(TASK GOAL):
Retype word for word the stretch of entries below from the line that has "Dark Pink Midi" through the line that has "tomlinsons.com/collections/the-honest-kitchen on desktop", and omit the pictures.

(RECORDS SUPPLIED):
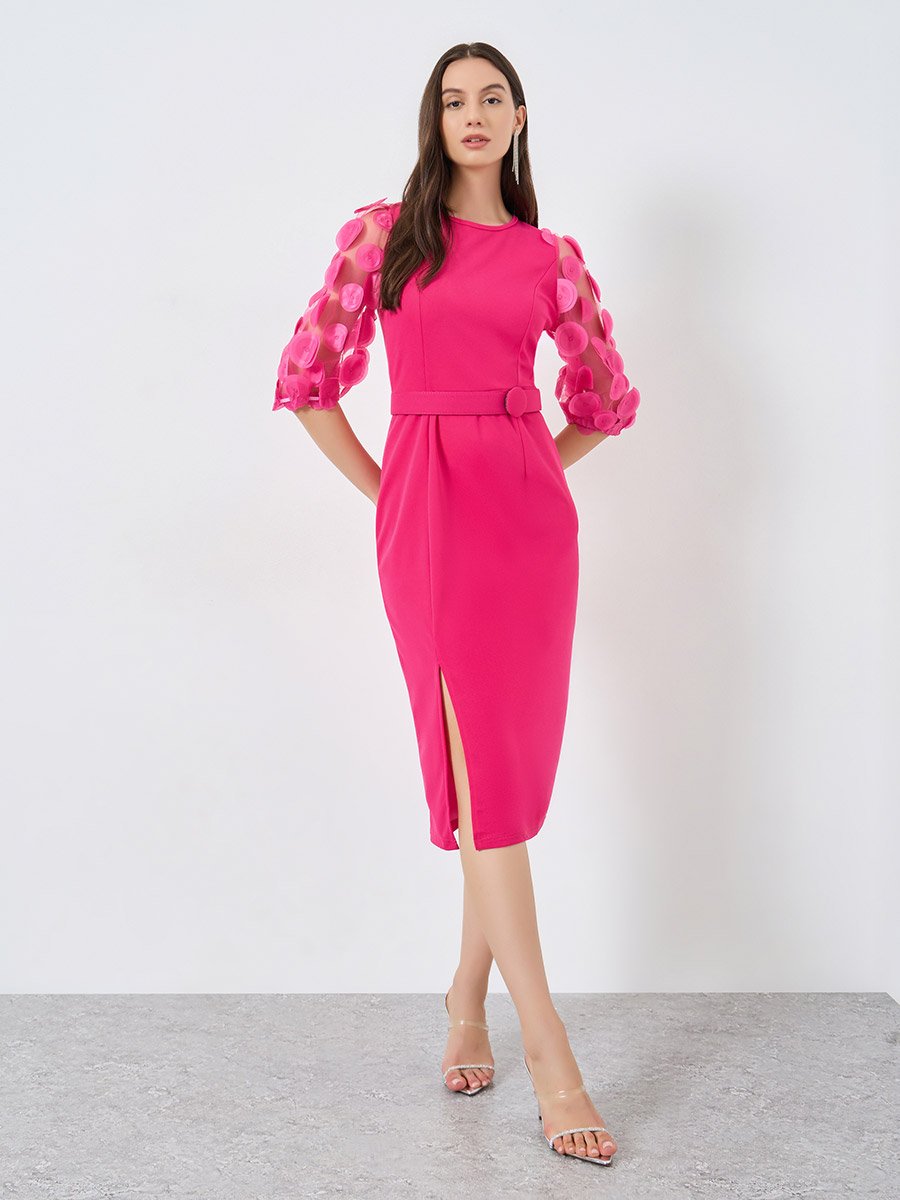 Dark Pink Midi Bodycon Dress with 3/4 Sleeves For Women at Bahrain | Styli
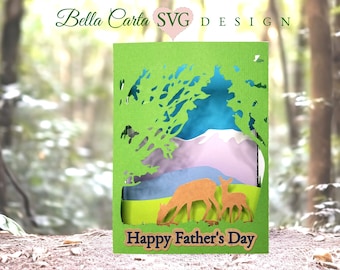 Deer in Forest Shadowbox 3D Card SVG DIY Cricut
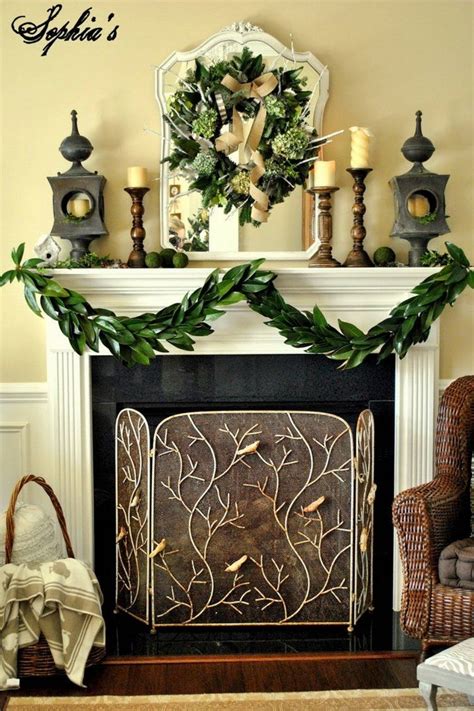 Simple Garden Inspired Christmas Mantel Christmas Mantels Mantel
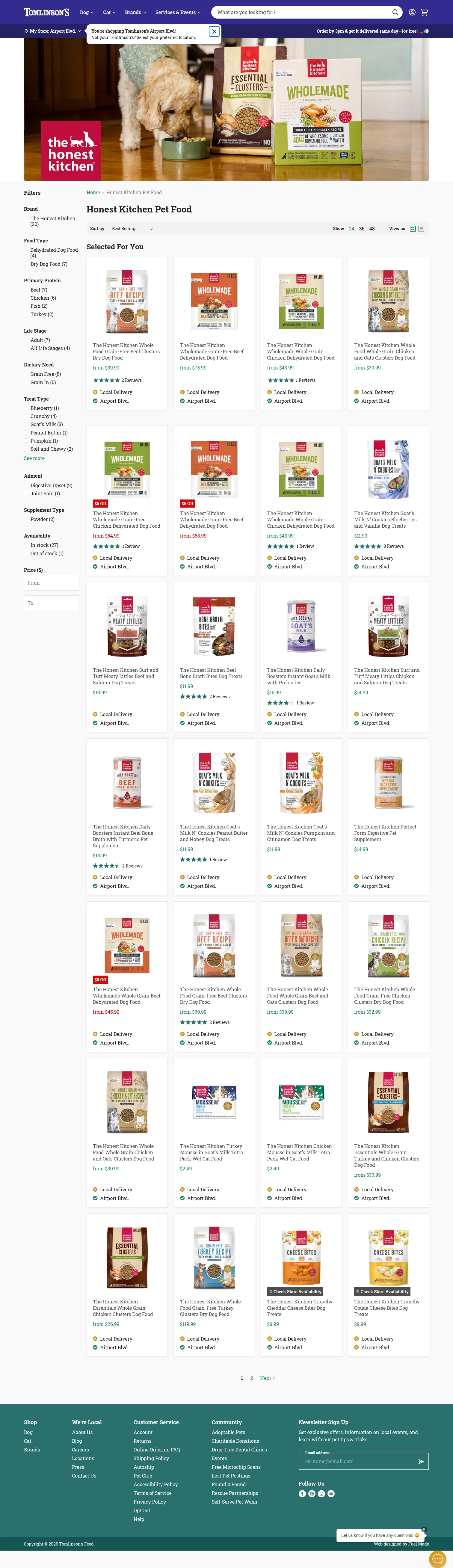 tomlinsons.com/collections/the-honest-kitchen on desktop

--

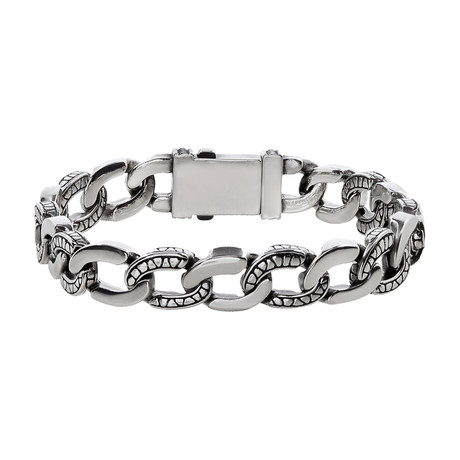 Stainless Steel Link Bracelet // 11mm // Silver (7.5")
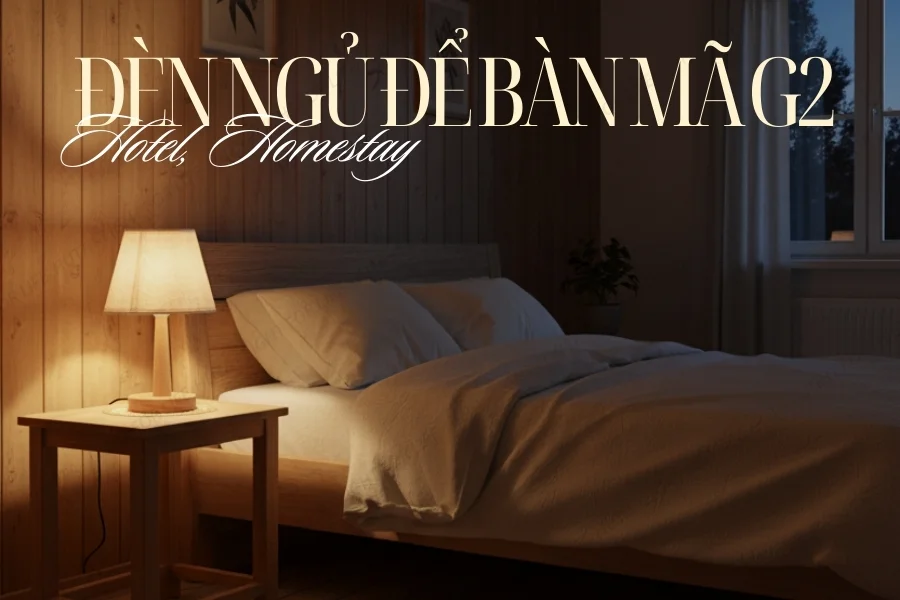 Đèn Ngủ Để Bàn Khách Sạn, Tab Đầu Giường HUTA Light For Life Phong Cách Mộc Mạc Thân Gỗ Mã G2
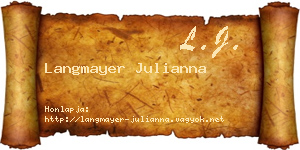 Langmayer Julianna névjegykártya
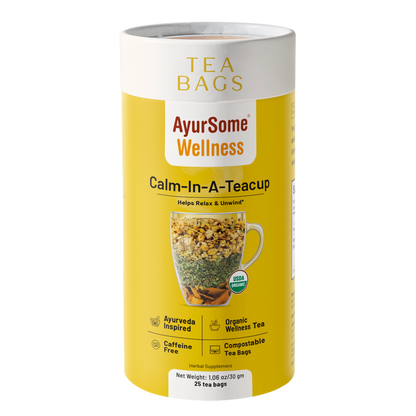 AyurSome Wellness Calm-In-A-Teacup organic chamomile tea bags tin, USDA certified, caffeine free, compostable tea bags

(RESPONSE TO THIS TASK):
 Dark Pink Midi Bodycon Dress with 3/4 Sleeves For Women at Bahrain | Styli
 Deer in Forest Shadowbox 3D Card SVG DIY Cricut
 Simple Garden Inspired Christmas Mantel Christmas Mantels Mantel
 tomlinsons.com/collections/the-honest-kitchen on desktop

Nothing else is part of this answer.